Key to targeting “second wallet” – ascertain the style of travel
Travellers, just like consumers in any e-commerce category, have distinct ways of shopping.
So come to think of it – can two families travelling to a same destination end up liking exactly the same hotel, same tours, same food, same event？Not really.
A layer of intelligence that can ascertain an individual or a family’s way of travelling or intent is key to monetising the traffic. This is a key reason why Ctrip has chosen to acquire the US-based Trip.com, a company that specialises in algorithms-driven curation of travel recommendations.
The battle for understanding the intent via keywords isn’t new. In fact, even if the intent is clear then also unearthing what a traveller’s trip is all about is missing. Travel shopping remains fragmented, gets completed over multiple sessions, featuring multiple e-commerce sites.
In fact, airlines, hotels, OTAs etc. might not even feature in some of the transactions. For instance, in my recent trip, I booked for New Delhi- Shanghai via Ctrip, I searched for “ATP Tennis Master 1000” tournament and “Shanghai Disneyland” on Google. I, along with my family, bought tickets for both. And it wasn’t via the OTA or the airline. Also, it wasn’t the first time I searched for tennis news, events, tickets, and an amusement park like Disney, Universal etc. to give enough indications about my style of travel.
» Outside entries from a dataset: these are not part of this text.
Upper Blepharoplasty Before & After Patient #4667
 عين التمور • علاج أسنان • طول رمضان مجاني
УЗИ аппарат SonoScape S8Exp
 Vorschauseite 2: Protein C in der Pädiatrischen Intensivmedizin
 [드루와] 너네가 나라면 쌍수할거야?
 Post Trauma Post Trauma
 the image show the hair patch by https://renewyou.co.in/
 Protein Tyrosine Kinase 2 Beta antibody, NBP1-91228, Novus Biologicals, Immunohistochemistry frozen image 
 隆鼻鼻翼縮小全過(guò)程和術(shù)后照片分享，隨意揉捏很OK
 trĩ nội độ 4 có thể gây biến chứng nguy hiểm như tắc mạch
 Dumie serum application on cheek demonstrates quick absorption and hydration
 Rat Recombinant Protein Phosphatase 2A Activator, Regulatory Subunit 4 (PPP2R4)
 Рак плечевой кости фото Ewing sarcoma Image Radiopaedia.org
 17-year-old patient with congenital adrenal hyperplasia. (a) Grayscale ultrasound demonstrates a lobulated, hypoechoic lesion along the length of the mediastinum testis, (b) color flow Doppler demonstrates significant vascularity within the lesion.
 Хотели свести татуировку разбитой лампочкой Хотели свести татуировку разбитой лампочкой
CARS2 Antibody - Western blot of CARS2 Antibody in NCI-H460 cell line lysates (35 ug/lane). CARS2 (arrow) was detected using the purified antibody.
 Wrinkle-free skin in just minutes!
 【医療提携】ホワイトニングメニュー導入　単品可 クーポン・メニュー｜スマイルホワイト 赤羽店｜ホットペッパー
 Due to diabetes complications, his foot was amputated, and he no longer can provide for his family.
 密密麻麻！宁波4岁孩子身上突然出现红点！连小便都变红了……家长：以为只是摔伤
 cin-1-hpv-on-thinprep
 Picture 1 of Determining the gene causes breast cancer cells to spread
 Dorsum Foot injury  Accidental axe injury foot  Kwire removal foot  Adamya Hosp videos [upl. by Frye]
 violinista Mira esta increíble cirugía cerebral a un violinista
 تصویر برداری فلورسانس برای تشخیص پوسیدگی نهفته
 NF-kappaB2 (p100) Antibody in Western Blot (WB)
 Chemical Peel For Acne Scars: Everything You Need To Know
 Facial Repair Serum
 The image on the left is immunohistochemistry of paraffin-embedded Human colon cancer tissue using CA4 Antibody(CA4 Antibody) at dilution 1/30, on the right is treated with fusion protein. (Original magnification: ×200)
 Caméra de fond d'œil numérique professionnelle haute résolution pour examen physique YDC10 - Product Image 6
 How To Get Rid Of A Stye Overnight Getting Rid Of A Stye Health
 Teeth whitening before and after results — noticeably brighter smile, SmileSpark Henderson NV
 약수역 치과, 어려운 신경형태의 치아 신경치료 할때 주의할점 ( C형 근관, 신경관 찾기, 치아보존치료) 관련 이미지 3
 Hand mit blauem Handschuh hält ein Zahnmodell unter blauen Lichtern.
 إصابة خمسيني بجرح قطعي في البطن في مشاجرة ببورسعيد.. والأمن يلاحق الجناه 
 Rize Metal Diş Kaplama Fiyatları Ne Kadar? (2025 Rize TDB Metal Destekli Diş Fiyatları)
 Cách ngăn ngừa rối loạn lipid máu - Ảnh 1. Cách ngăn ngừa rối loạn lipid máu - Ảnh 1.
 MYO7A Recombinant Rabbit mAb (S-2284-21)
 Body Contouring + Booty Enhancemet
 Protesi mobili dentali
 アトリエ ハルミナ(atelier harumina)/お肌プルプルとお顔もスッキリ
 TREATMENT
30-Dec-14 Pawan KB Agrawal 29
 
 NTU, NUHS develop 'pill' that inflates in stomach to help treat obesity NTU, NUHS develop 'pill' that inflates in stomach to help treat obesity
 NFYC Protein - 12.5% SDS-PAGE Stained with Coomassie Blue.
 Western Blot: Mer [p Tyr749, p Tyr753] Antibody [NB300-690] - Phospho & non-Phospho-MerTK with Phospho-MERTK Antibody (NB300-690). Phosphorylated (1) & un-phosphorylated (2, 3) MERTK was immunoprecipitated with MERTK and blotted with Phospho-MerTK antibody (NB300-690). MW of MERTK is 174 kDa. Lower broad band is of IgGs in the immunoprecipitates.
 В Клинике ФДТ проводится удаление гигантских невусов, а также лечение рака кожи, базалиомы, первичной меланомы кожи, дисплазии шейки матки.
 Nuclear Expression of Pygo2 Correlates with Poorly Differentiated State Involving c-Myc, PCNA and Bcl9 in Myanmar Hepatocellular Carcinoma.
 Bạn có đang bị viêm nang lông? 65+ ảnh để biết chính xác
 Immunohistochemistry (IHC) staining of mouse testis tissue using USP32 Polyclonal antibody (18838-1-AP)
As for new developments, a human-like automated interaction via your preferred interface (say Facebook Messenger or WeChat) might offer those 6-7 trip components that you are looking in a trip, but chances are you might run out of patience at least as of today. And patience can be defined losing focus in less than half a minute.
Of course, for those several components of a trip, a traveller would need to share those preferences. But if an e-commerce player continues to push a user to ascertain what they have to search for then they would lose the traffic.